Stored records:

---

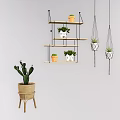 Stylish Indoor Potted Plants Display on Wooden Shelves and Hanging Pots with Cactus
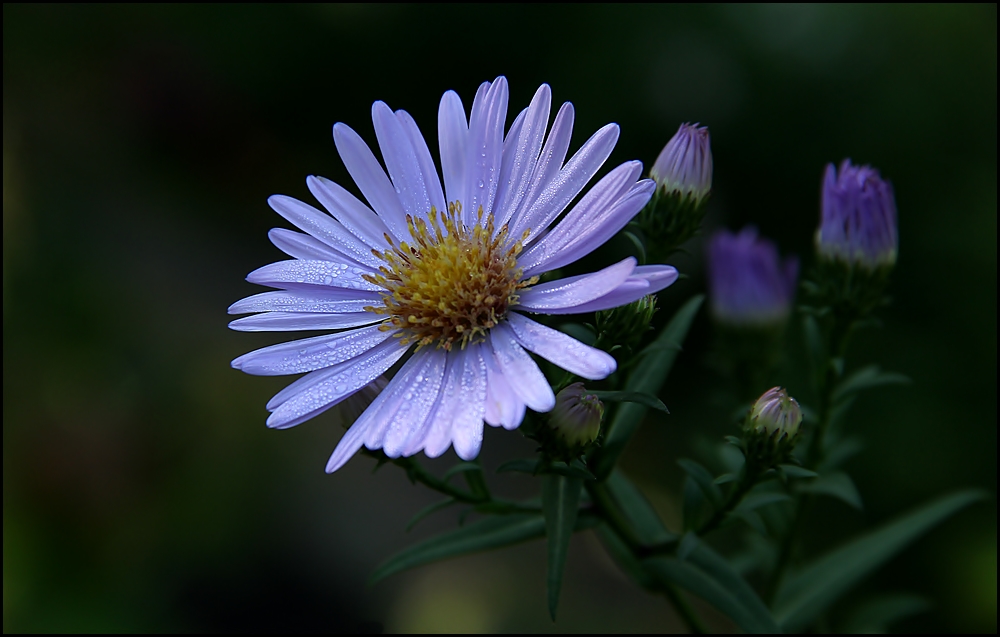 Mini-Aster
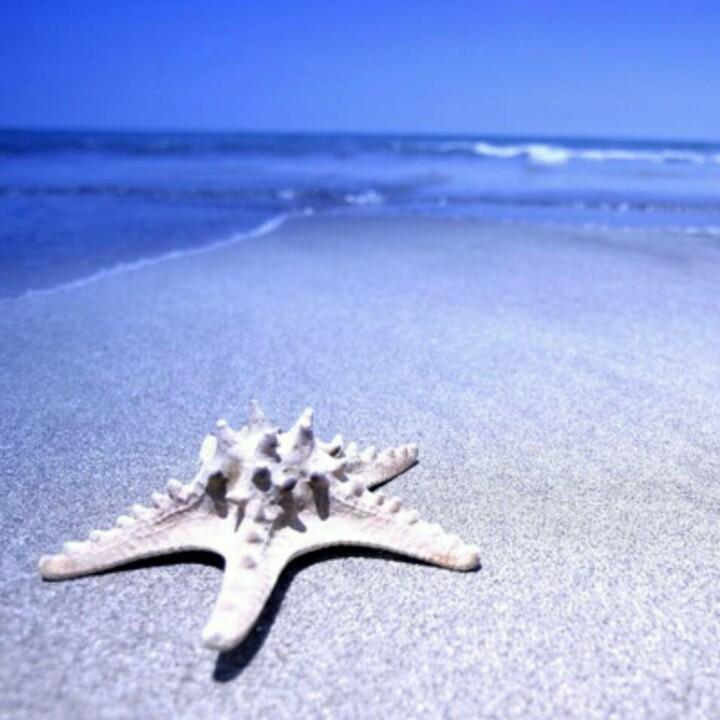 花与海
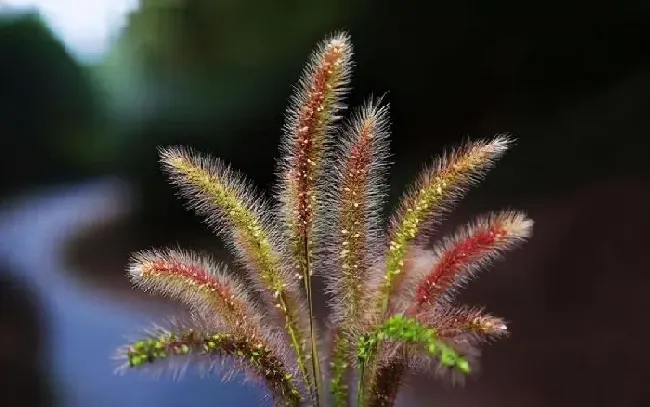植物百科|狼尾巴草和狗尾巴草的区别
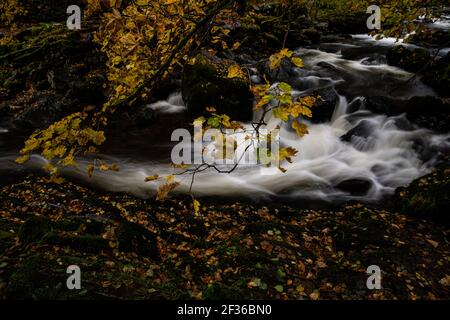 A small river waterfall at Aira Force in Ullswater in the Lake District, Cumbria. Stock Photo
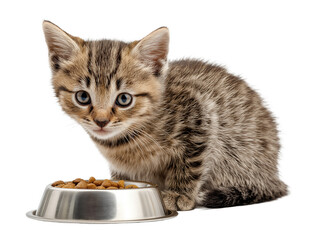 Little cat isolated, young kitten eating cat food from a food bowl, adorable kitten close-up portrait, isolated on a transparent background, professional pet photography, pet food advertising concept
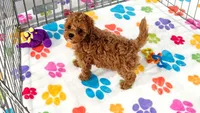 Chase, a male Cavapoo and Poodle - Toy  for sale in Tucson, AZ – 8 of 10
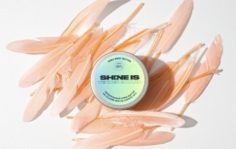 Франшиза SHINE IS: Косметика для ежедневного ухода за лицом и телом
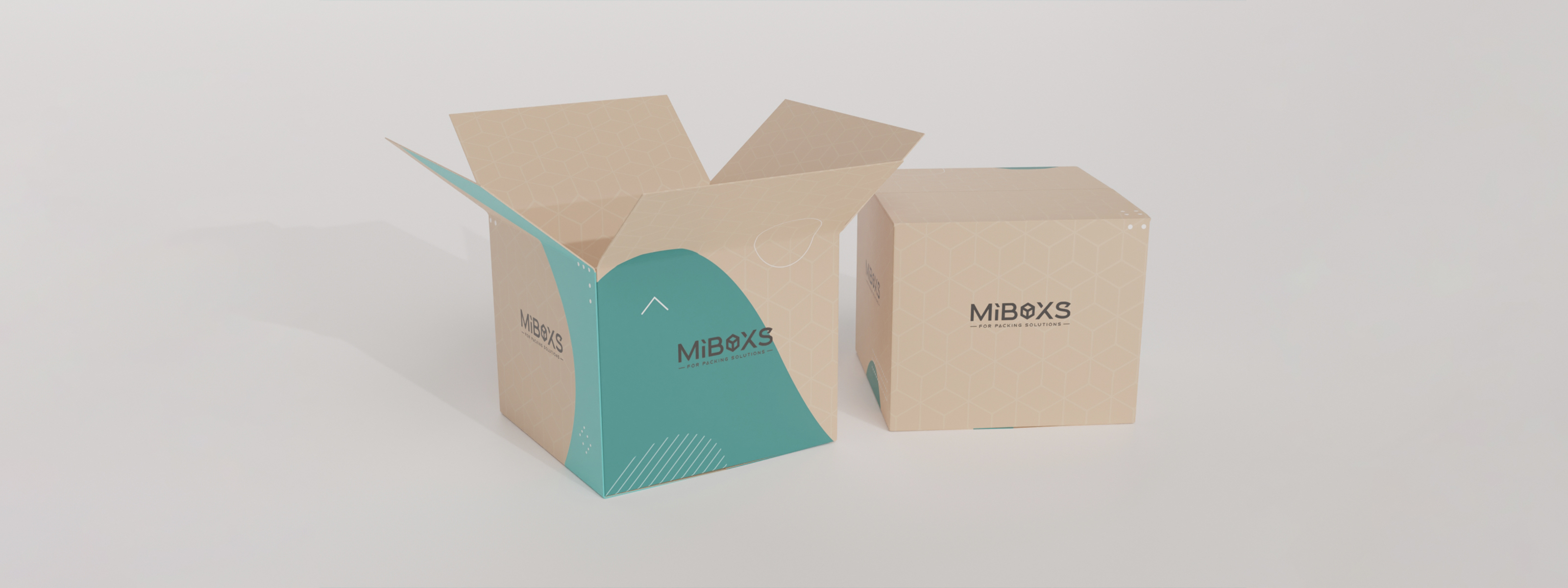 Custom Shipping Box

---

## ASSIGNMENT
Give again, unchanged, only the lines from the line containing "A small river" to the last line of the records above. Pictures do not belong in the copy.

## RESULT OF THE TASK
 A small river waterfall at Aira Force in Ullswater in the Lake District, Cumbria. Stock Photo
 Little cat isolated, young kitten eating cat food from a food bowl, adorable kitten close-up portrait, isolated on a transparent background, professional pet photography, pet food advertising concept
 Chase, a male Cavapoo and Poodle - Toy  for sale in Tucson, AZ – 8 of 10
 Франшиза SHINE IS: Косметика для ежедневного ухода за лицом и телом
 Custom Shipping Box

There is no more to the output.